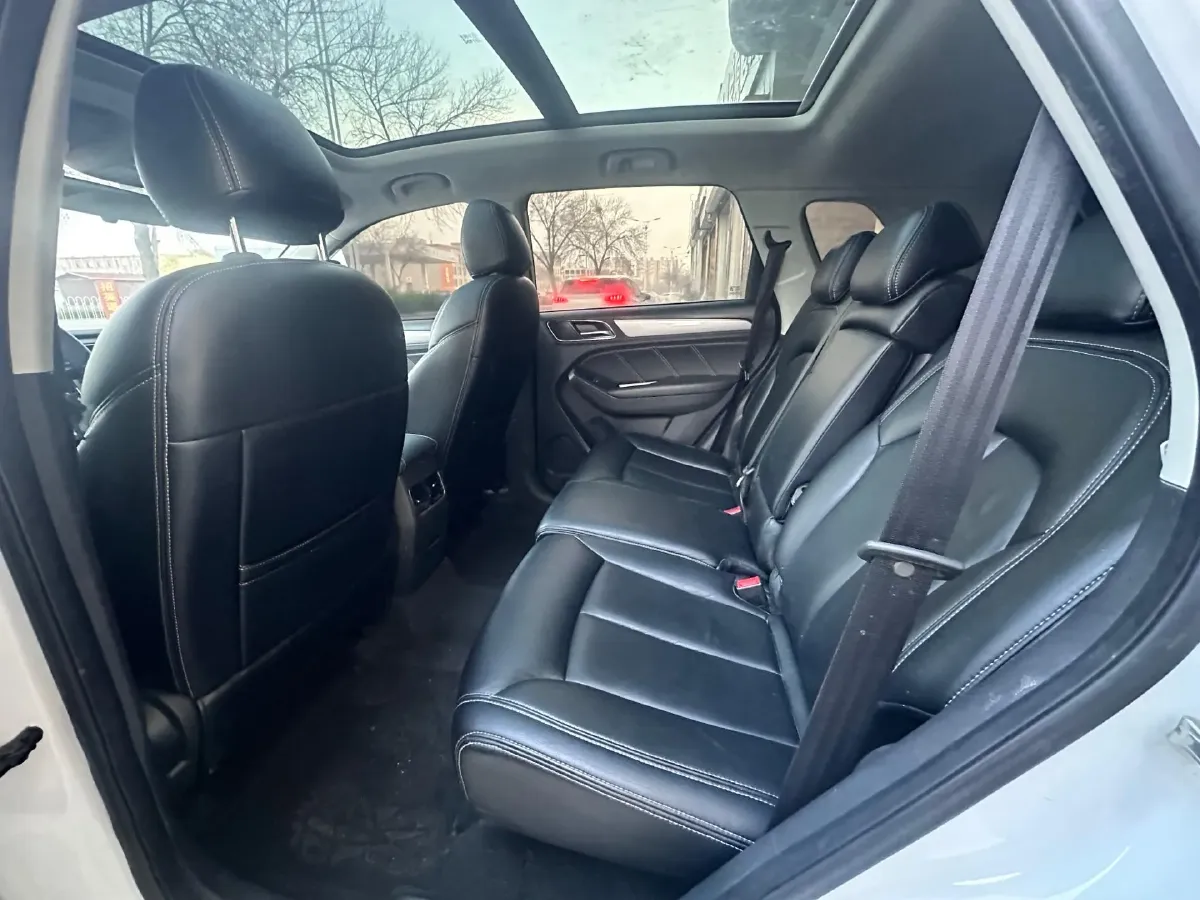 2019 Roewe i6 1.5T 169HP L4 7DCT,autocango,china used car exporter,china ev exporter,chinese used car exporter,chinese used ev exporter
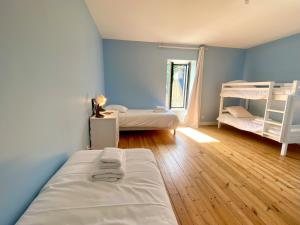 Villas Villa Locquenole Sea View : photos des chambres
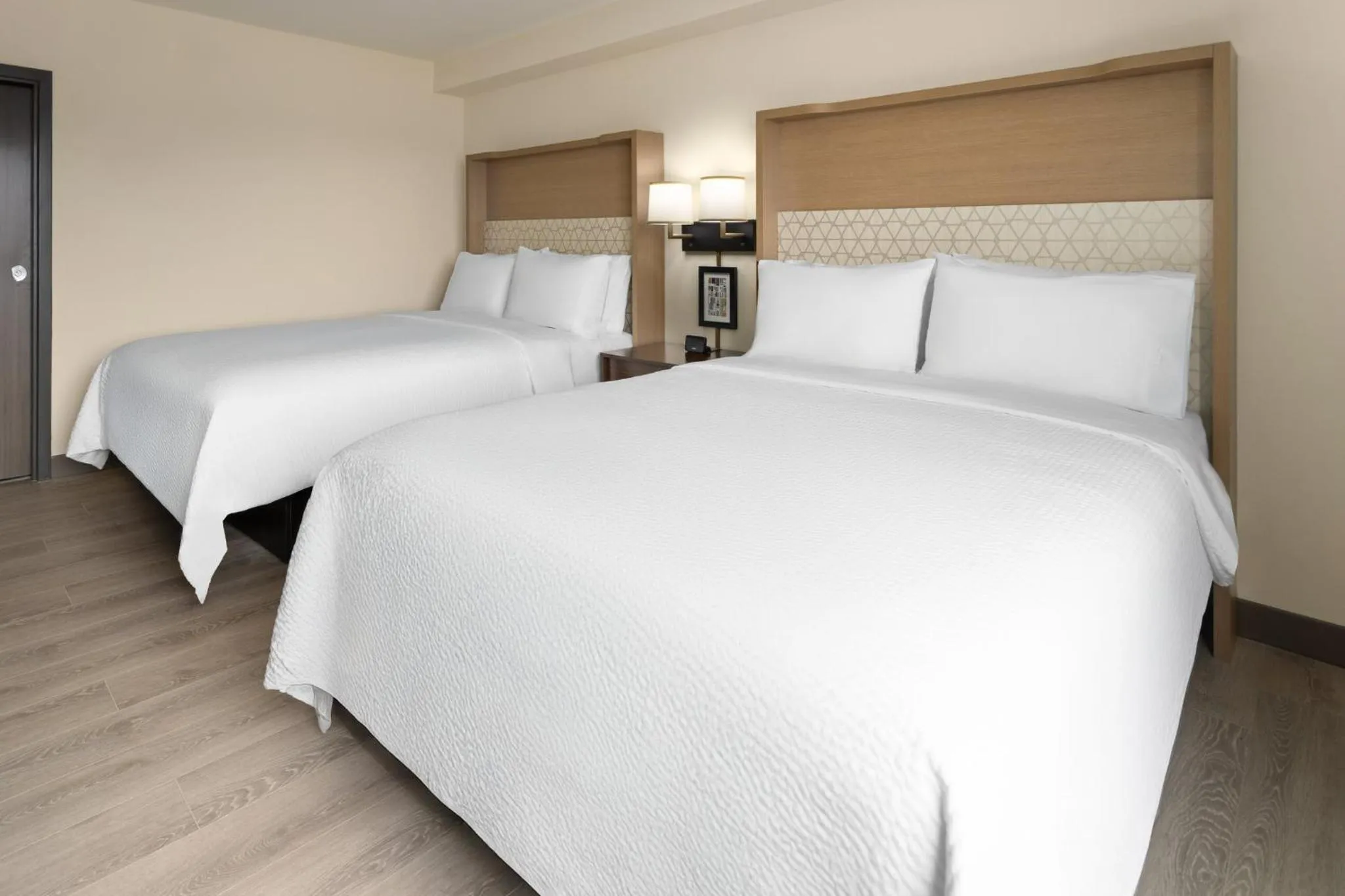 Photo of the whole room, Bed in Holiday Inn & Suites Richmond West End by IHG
============================================================
◆ THE TASK ◆
Exactly as written, restate all of the data, leaving out the images.

◆ RESULT OF THIS TASK ◆
 2019 Roewe i6 1.5T 169HP L4 7DCT,autocango,china used car exporter,china ev exporter,chinese used car exporter,chinese used ev exporter
 Villas Villa Locquenole Sea View : photos des chambres
 Photo of the whole room, Bed in Holiday Inn & Suites Richmond West End by IHG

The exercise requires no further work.